§ **Supplied information**
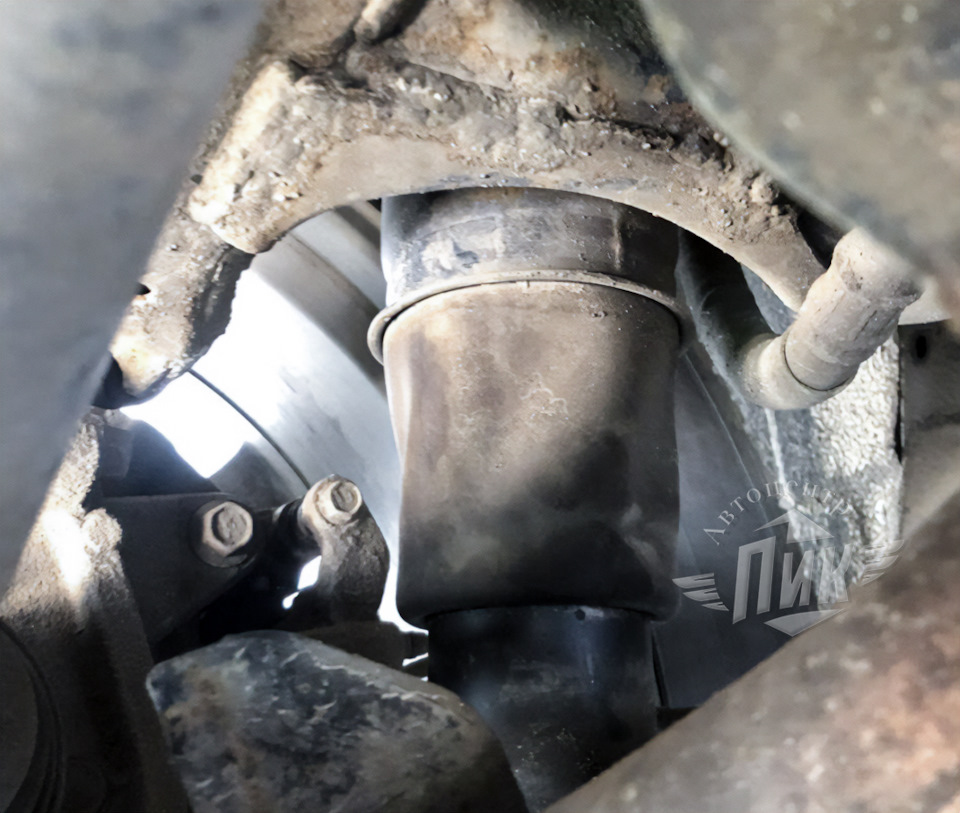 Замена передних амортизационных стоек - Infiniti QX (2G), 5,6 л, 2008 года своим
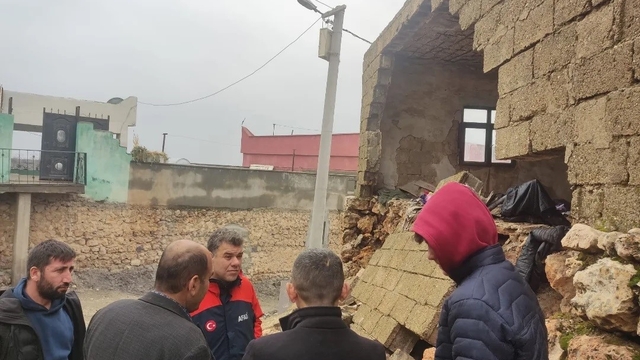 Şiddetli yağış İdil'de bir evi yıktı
--
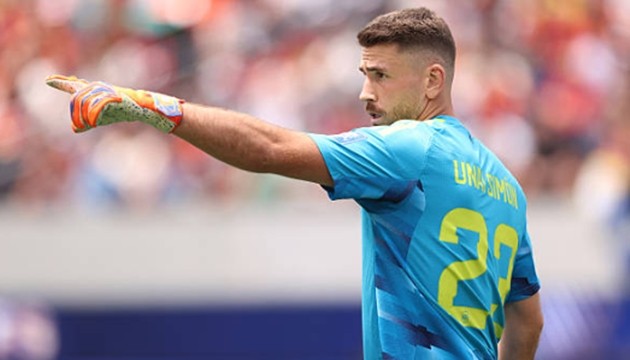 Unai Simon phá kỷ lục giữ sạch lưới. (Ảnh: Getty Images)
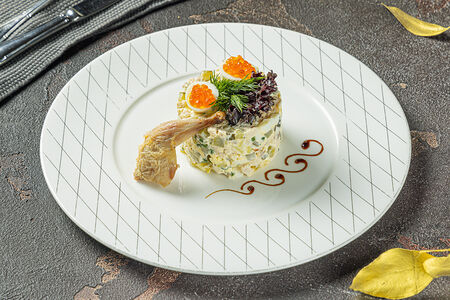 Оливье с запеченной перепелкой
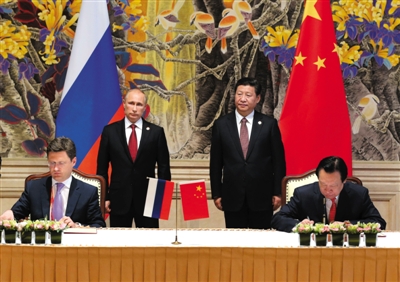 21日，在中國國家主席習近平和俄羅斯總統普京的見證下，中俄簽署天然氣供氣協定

§ **Exercise description**
Copy the entries above exactly, but only the stretch from the line containing "Замена передних амортизационных" through the line containing "Şiddetli yağış İdil'de bir evi yıktı". Keep both end lines; drop the pictures.

§ **Result of this task**
 Замена передних амортизационных стоек - Infiniti QX (2G), 5,6 л, 2008 года своим
 Şiddetli yağış İdil'de bir evi yıktı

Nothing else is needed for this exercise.